_EXERCISE_: Give the listing below again exactly, but without any of its pictures.

Segment Start: SUPPLIED DATA

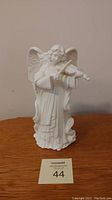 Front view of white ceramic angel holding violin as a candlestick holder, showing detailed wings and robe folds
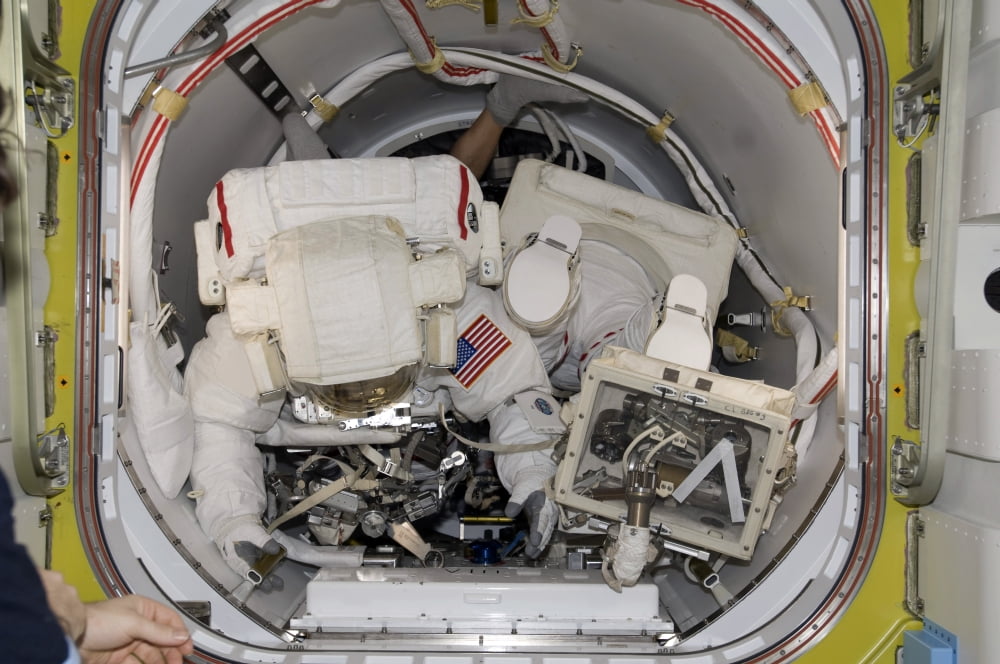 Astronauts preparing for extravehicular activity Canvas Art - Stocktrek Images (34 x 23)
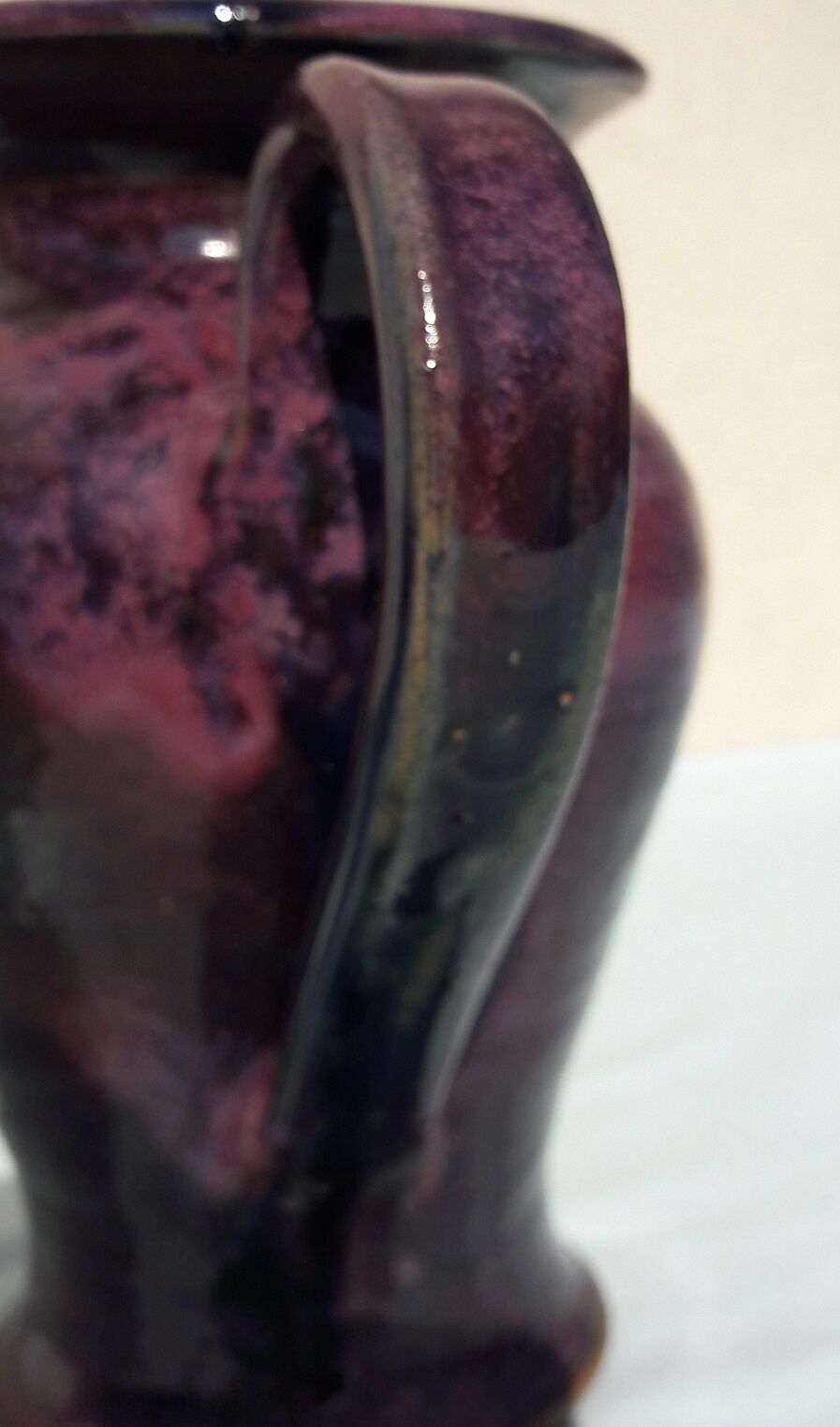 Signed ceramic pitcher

Segment End: SUPPLIED DATA

_TASK OUTPUT_:
 Front view of white ceramic angel holding violin as a candlestick holder, showing detailed wings and robe folds
 Astronauts preparing for extravehicular activity Canvas Art - Stocktrek Images (34 x 23)
 Signed ceramic pitcher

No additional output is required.